Guide To Acadia National Park

Guide To Acadia National Park

ACADIA: 

Acadia National ParkTucked halfway up Maine’s east coast, Acadia sits in isolation from the rest of America's National Parks. Actually, the next closest National Park would be Cuyahoga Valley in Ohio, a good 900 mile drive away. Being the only National Park for such a distance, Acadia is the vacation choice of over two million visitors a year, making it the 9th busiest National Park in the country. Throw in the fact that it’s on a small (for the amount of visitors) island and well, If backcountry treks far from anyone in sight are what you’re looking for, Acadia is really not the park you’ll find them at. It is however, still a park worth visiting.  

In many ways, there really is nothing like Acadia. The park has an interesting history, being the first National Park east of the Mississippi and being mostly created by donations of wealthy landowners. The geography of the park starts with the Atlantic Ocean continuously crashing against cliffs, boulders, and perfectly smooth, rounded stone after countless lifetimes of sea salt treatment. The famous saying, “Where the mountains meet the sea” finds its home in Acadia. There are hundreds of miles of hiking trails on a scale of easy to fearful, especially if heights and sheer drops are a concern. 

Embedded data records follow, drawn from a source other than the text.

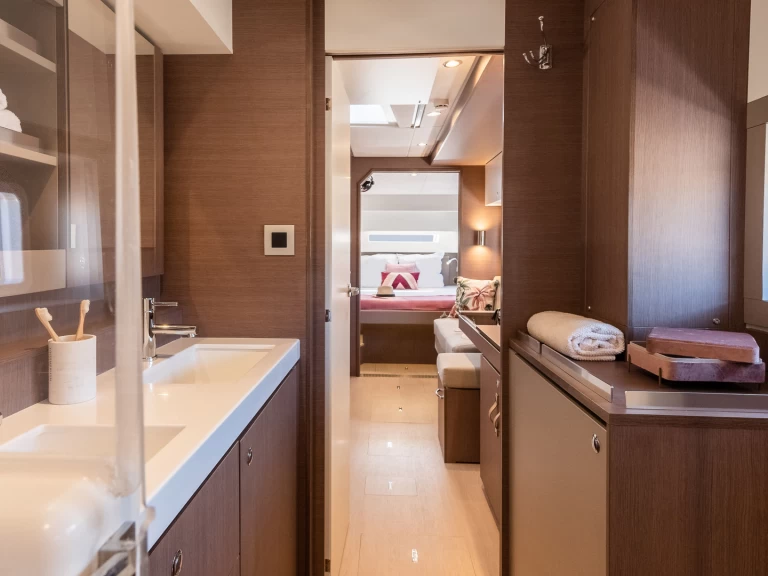 Wynajem Katamaran w Skradin - Bali Bali 4.2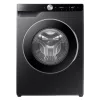Samsung WW90DG6U85LBU4 fekete, elöltöltős, max.1400ford., 9 kg, mosógép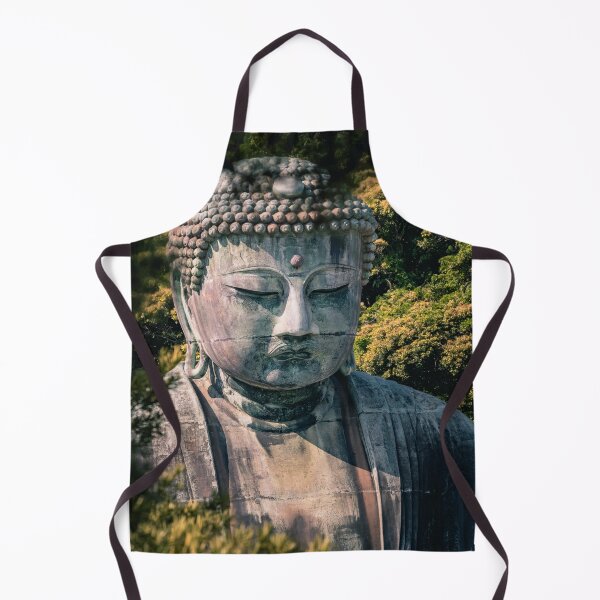 Item preview, The Great Buddha of Kamakura - Kamakura Daibutsu - Kotoku-in designed and sold by Jordan McChesney.
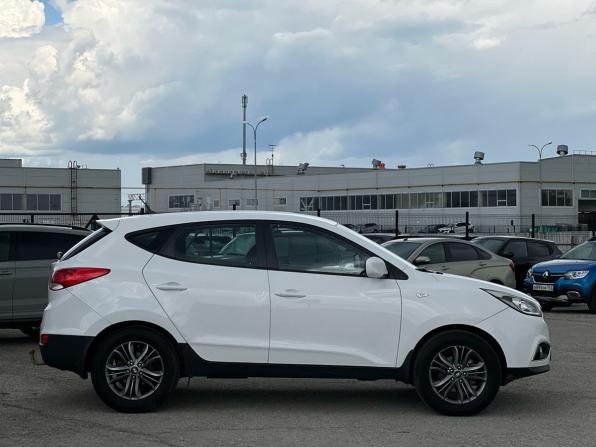 Hyundai ix35 I Рестайлинг с пробегом 2014 года, цена 1 219 000 рублей, 167933 км, внедорожник, Автокод Объявления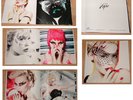KYLIE MINOGUE RARE PROMO BOOK NEW ALBUM X WOW 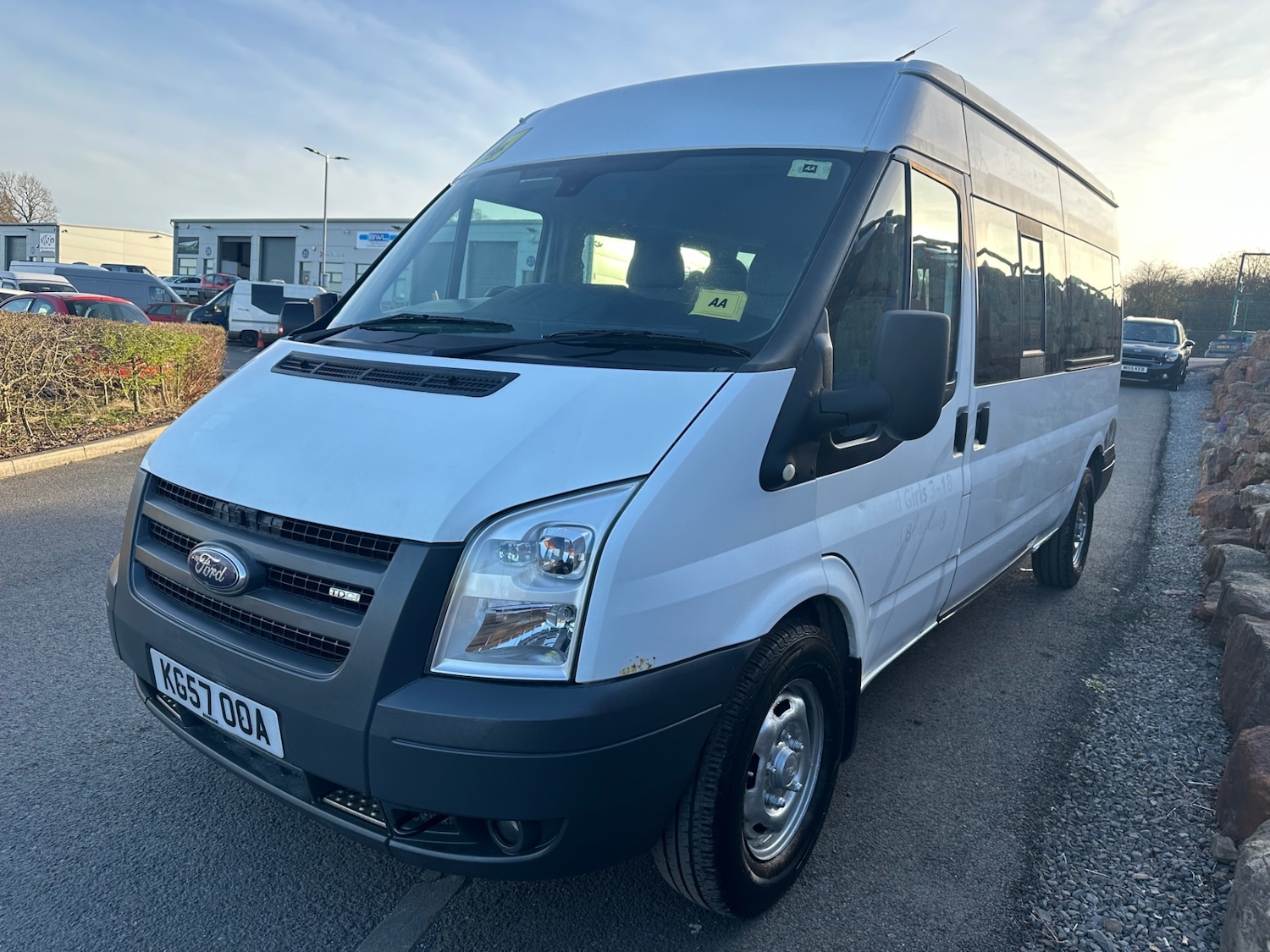 Used Ford Transit 2008 for sale - 77060079: Photo 3
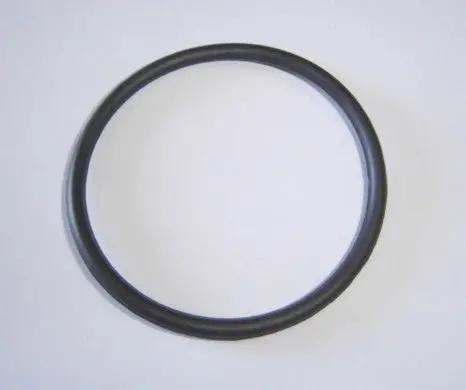 Band Oring Front Number Plate Honda Z50r 1979-87 Oem 1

Bar Harbor MapAnother unique aspect of Acadia is its culture. If you can’t have endless wilderness with no one to be seen, then you might as well have the next best thing: a lively town. Acadia sits next to the famous Bar Harbor. Matter of fact, these two are so close to each other, many don’t realize that Bar Harbor is in-fact not inside the borders of Acadia. Bar Harbor offers big nightlife for a “National Park town”, tons of shopping, an amazing “Maine on the harbor” feeling that would take a better writer than I to put into words; and well, lobster. Endless amounts of lobster. Actually, so much lobster, we created a Lobster Guide To Acadia National Park & Bar Harbor Maine (Coming Soon!), where you can incorporate it into every meal of the day, from breakfast to dessert. 

The majority of Acadia and all of Bar Harbor sit on Mount Desert Island. The island is split between the “Quiet Side”, or west side, and the “Bar Harbor Side”, where you can imagine most of the action takes place. There’s also a small part of Acadia National Park that sits on the mainland, just north of Mount Desert Island. If I had to name it to fit in with the first two, I'd call it the “Forgotten Side”. Given the time it takes to get off Mount Desert Island and drive up to this northern part of the park, separated from the rest, most Acadia visitors don’t make the trip. The best time to visit is in the warmer months. Bar Harbor shuts down entirely before the first snowfall and doesn't open back up until there are leaves on the trees. As for the mountains and park during January, did we mention it’s Maine on the east coast? If winter trekking is your thing, head to Denali National Park. 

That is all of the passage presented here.